Próximo ao fim do curso, o estudante passou a se dedicar ao estágio. Atualmente no 10º semestre, Pereira trabalha no escritório de advocacia do procurador-geral do Ceará, no mesmo local onde, por várias vezes, entregou comida. “Meu chefe sempre me elogiou e demonstrou plena confiança no meu trabalho, além de me enxergar com admiração”, conta. Mesmo estagiando e já próximo ao fim do curso, Ramos manteve o trabalho como entregador aos sábados e domingos para complementar a renda.
Infância e família
Vindo de família humilde — a mãe analfabeta e o pai semianalfabeto, hoje falecido —, Pereira tem três irmãos. Quando tinha sete anos, os pais se separaram e ele viajou para o Pará com a mãe e os irmãos. Por não ter um bom relacionamento nem com o padrasto nem com a madrasta, viajava com frequência entre o Pará e o Maranhão. “Morei também com a minha avó e com a minha tia e nesse vai e vem constante os estudos ficaram de lado”, recorda.
O estudante lembra, ainda, que, aos 12 anos se aborreceu com a situação e, em uma das viagens entre os dois estados, decidiu desembarcar em Teresina, decidido a se estabelecer por lá. Na capital piauiense, no entanto, passou a viver em situação de rua e conviveu com a fome e o frio das madrugadas. “Cheguei a comer coisas do lixo. Quando conseguia algum bico era em troca de comida. Foi a pior época da minha vida”, recorda.
Aos 13 anos Pereira decidiu seguir para Fortaleza. Na capital cearense, foi acolhido por Nonato, dono rendado de um lava a jato, onde trabalhou por três anos. Depois de juntar dinheiro por um tempo, conseguiu alugar uma casa, comprar uma bicicleta e trabalhar como entregador. “Nonato foi muito importante para mim. Depois que ele viajou para Juazeiro do Norte, perdi o contato com ele”, lamenta.
Depois que se estabeleceu em Fortaleza, Ramos trabalhou em vários empregos formais, como em lanchonetes, promotor de vendas em mercados, “boleiro” e entregador. Passado alguns anos, retomou o contato com a família e retornou algumas vezes ao Pará para visitá-los. “Comprei um terreno e chamei um dos meus irmãos para ajudar na mão de obra da casa que estava construindo. Minha família sempre me incentivou e acreditou no meu potencial”, afirma.
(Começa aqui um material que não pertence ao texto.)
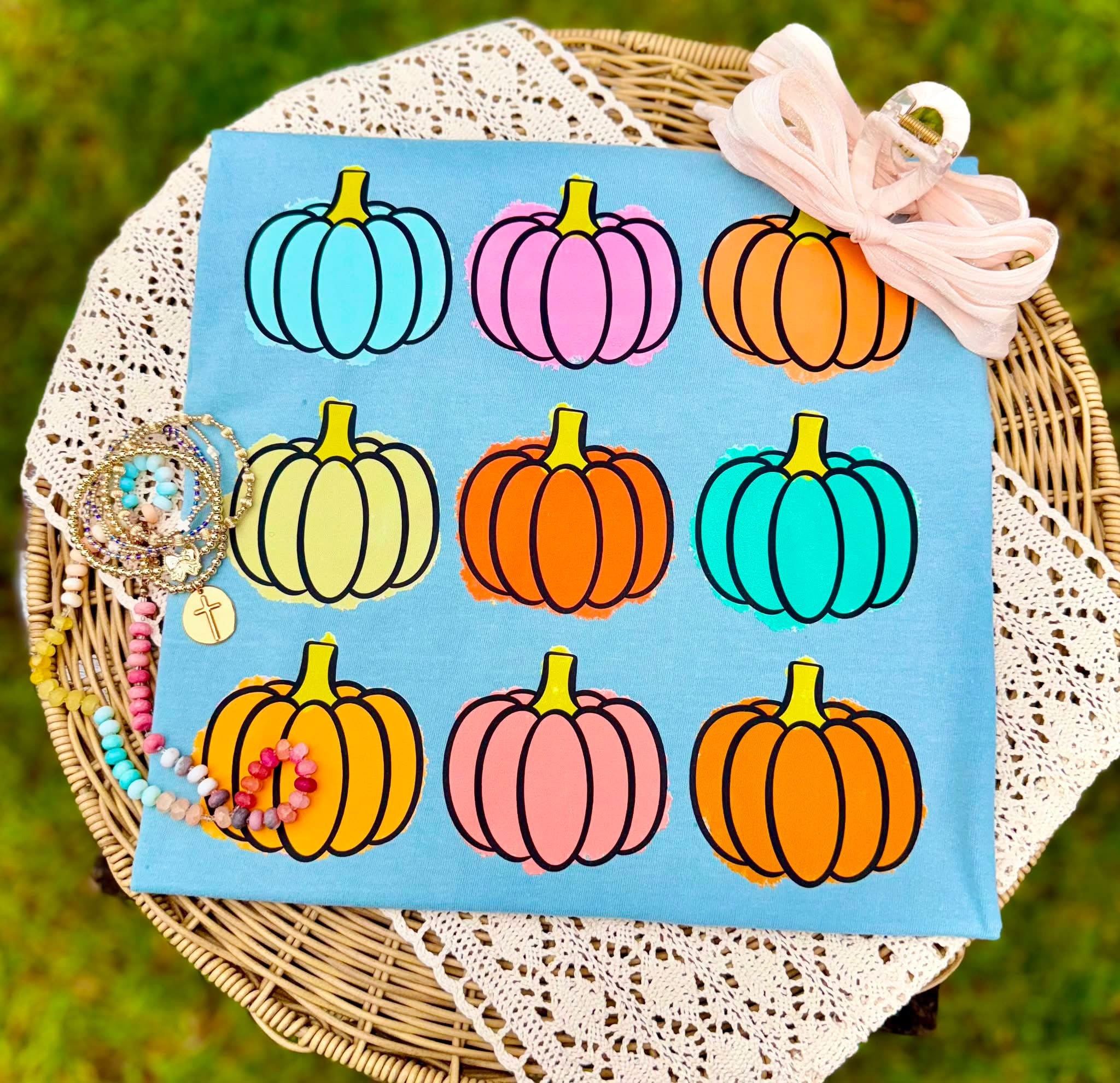 Watercolor Pumpkin Collage - Blue Tee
Em 2009, quando trabalhava em uma lanchonete, Pereira conheceu Juliana Ferreira, com quem começou a se relacionar. No ano seguinte, se casaram. “No início, meu sogro não aceitava a nossa relação. Dizia que eu era forasteiro, desconhecido, e não queria que ela continuasse comigo”, lembra. Sérgio incentivou a esposa a continuar com os estudos e ajudou a concluir o curso técnico de enfermagem, a se graduar na área e ir além, chegando à especialização. “Com isso, meu sogro percebeu que nossa relação era séria e nos reaproximamos”, conta. Hoje, Sérgio e Juliana têm um filho de sete anos.
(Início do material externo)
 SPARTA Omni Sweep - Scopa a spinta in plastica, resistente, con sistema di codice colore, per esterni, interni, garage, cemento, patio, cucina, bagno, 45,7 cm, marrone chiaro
Ramos apresentou o trabalho de conclusão de curso na terça-feira (06/12) e a previsão é que a colação de grau ocorra em fevereiro de 2023. Dessa forma, poderá festejar a conquista da cobiçada carteira da OAB. Depois que sua história ganhou a mídia, ele passou a receber propostas de trabalho e de especialização. “Pretendo seguir na área trabalhista, defender os direitos dos entregadores e fazer uma pós-graduação na área”, revela.
O estudante pobre que saiu do ensino médio e chegou à OAB em apenas seis anos, reforça que o que mais o deixa alegre é servir de inspiração para as pessoas. “Mesmo sem teto, sem família por perto, com fome e frio, consegui chegar até onde cheguei. É muito gratificante. Faria tudo de novo”, conclui, emocionado.